TASK OBJECTIVE> Your answer must consist of exactly the lines below, starting with the line with "A medium shot" and going on through the line with "An orange compact", and nothing else.

RECORDS TO PROCESS>
------------------------------------

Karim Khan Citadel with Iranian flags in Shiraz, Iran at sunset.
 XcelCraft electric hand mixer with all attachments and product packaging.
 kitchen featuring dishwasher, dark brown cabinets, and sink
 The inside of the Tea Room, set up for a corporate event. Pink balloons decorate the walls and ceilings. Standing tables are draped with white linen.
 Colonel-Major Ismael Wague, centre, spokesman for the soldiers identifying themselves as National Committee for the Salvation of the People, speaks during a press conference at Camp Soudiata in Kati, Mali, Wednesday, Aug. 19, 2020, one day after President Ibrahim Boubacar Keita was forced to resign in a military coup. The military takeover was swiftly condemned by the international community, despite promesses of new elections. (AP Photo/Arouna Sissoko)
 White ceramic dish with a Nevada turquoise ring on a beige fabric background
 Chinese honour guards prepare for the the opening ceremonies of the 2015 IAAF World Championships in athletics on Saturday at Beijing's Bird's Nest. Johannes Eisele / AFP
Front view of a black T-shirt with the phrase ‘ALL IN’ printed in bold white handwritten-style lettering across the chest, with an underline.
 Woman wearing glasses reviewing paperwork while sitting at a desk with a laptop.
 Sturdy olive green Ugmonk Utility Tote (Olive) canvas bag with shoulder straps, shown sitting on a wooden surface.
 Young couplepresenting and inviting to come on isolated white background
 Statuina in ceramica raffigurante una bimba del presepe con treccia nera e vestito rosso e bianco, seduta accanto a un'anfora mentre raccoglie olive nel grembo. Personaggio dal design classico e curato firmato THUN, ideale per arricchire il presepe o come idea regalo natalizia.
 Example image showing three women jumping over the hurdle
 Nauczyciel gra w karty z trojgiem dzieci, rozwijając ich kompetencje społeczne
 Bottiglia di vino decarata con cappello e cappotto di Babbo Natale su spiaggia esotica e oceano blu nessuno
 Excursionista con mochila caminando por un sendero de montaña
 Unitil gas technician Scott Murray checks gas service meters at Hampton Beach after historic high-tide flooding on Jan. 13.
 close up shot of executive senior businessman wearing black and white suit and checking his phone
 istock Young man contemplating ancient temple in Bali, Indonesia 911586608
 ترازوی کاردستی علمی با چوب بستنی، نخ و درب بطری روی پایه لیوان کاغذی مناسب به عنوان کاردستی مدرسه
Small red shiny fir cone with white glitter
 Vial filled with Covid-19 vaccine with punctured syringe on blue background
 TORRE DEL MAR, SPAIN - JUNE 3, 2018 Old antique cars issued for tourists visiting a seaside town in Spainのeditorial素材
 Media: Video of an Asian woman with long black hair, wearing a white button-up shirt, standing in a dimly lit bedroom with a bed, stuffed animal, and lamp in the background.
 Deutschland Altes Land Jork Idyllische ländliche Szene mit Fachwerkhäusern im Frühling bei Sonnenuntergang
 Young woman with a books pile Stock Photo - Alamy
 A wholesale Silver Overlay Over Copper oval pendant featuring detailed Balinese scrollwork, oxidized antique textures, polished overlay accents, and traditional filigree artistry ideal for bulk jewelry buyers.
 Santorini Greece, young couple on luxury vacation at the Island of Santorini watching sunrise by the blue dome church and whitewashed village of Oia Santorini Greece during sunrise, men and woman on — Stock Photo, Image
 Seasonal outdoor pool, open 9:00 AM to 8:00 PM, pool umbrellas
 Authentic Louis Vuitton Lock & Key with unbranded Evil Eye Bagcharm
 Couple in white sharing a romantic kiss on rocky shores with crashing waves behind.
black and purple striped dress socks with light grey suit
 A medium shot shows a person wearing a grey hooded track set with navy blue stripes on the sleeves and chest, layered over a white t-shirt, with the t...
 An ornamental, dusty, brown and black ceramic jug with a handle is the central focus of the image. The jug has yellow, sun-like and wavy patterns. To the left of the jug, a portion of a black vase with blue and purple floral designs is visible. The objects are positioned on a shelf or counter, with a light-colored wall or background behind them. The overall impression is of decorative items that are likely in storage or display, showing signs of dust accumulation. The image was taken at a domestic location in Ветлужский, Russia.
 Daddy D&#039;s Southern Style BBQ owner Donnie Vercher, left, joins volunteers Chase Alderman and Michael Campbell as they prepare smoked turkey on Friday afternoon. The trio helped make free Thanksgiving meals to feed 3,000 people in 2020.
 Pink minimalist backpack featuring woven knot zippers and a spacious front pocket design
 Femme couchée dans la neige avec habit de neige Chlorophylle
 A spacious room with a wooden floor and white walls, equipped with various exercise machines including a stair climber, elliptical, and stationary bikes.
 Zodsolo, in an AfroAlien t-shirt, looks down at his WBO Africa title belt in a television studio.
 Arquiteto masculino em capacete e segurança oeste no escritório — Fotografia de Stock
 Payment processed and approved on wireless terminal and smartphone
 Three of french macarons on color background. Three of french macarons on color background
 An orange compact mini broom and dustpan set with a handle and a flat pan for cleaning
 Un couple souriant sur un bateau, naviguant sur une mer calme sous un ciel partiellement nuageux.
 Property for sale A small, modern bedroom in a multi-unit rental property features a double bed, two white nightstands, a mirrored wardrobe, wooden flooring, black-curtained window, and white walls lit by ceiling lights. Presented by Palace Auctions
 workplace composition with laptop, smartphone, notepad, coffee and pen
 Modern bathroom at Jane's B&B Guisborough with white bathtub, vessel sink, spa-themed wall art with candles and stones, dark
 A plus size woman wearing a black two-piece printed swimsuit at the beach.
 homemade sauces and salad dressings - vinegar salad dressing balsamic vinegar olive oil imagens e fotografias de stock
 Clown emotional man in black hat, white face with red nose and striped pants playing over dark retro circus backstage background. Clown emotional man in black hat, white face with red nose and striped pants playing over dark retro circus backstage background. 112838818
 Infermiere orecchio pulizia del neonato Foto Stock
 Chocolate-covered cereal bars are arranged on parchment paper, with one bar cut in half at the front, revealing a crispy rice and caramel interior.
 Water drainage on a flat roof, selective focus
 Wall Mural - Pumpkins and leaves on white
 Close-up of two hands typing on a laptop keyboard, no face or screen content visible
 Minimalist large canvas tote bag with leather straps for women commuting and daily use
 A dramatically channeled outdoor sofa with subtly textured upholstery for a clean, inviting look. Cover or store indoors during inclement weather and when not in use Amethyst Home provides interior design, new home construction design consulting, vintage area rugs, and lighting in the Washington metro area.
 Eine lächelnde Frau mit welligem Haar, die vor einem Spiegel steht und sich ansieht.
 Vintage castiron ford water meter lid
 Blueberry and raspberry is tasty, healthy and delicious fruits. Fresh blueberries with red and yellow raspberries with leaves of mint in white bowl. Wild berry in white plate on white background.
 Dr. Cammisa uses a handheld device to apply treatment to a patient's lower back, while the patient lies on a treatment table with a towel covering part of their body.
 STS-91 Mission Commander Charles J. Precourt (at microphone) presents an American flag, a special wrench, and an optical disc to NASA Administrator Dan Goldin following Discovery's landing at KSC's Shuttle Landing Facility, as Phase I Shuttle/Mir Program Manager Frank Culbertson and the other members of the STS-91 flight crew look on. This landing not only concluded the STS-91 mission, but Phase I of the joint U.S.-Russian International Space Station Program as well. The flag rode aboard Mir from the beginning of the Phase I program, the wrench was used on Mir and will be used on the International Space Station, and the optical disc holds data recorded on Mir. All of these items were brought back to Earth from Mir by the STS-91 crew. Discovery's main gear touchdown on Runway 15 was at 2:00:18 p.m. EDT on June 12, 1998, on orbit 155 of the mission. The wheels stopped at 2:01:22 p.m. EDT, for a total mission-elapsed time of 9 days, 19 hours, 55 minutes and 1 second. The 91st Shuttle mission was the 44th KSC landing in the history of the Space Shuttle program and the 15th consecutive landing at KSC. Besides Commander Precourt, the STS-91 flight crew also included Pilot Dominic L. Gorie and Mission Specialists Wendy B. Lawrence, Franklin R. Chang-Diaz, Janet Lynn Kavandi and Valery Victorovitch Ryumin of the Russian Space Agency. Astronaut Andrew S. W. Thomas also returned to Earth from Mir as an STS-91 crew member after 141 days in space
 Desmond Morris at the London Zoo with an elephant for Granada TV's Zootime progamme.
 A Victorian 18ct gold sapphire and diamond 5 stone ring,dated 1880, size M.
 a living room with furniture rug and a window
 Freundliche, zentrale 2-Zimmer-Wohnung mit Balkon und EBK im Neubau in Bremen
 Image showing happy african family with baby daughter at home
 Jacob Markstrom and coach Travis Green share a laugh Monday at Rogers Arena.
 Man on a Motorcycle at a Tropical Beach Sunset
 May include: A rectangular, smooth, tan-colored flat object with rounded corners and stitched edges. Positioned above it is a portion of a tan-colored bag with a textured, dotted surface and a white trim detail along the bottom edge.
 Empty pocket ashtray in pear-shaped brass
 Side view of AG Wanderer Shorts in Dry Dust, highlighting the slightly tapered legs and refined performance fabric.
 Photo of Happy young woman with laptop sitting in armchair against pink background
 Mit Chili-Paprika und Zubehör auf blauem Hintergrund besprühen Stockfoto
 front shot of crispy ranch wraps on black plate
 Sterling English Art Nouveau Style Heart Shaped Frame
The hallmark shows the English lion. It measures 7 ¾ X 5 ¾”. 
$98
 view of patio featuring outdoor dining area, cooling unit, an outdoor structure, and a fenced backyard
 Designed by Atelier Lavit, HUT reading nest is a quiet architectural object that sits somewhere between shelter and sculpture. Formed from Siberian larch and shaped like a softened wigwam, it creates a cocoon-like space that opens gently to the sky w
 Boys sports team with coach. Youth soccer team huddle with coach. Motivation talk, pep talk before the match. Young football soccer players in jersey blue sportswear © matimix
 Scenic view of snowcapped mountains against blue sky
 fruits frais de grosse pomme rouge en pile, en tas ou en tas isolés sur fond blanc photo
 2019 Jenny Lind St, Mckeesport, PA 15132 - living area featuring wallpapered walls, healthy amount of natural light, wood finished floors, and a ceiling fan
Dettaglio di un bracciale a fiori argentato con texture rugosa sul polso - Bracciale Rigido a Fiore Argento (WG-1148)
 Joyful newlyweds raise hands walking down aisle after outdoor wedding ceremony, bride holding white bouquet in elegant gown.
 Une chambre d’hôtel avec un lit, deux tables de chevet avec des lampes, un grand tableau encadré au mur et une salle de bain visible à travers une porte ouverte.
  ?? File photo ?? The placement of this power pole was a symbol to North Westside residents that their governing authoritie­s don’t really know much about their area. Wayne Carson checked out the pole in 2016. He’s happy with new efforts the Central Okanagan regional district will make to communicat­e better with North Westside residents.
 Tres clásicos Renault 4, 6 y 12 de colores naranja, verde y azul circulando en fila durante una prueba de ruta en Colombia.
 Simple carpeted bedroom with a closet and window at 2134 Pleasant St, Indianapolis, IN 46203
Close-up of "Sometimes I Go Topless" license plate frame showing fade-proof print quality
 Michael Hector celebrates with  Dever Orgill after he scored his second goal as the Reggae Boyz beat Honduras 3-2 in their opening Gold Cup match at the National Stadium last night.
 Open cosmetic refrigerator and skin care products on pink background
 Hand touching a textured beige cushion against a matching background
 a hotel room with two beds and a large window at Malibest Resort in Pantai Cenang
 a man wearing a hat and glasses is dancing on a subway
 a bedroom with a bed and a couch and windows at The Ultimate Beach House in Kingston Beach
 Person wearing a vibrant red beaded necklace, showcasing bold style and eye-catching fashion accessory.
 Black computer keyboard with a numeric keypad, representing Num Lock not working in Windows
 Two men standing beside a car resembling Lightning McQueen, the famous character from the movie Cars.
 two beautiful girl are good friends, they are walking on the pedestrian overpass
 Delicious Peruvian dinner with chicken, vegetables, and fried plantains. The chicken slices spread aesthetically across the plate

------------------------------------

SOLUTION TO THIS TASK>
 A medium shot shows a person wearing a grey hooded track set with navy blue stripes on the sleeves and chest, layered over a white t-shirt, with the t...
 An ornamental, dusty, brown and black ceramic jug with a handle is the central focus of the image. The jug has yellow, sun-like and wavy patterns. To the left of the jug, a portion of a black vase with blue and purple floral designs is visible. The objects are positioned on a shelf or counter, with a light-colored wall or background behind them. The overall impression is of decorative items that are likely in storage or display, showing signs of dust accumulation. The image was taken at a domestic location in Ветлужский, Russia.
 Daddy D&#039;s Southern Style BBQ owner Donnie Vercher, left, joins volunteers Chase Alderman and Michael Campbell as they prepare smoked turkey on Friday afternoon. The trio helped make free Thanksgiving meals to feed 3,000 people in 2020.
 Pink minimalist backpack featuring woven knot zippers and a spacious front pocket design
 Femme couchée dans la neige avec habit de neige Chlorophylle
 A spacious room with a wooden floor and white walls, equipped with various exercise machines including a stair climber, elliptical, and stationary bikes.
 Zodsolo, in an AfroAlien t-shirt, looks down at his WBO Africa title belt in a television studio.
 Arquiteto masculino em capacete e segurança oeste no escritório — Fotografia de Stock
 Payment processed and approved on wireless terminal and smartphone
 Three of french macarons on color background. Three of french macarons on color background
 An orange compact mini broom and dustpan set with a handle and a flat pan for cleaning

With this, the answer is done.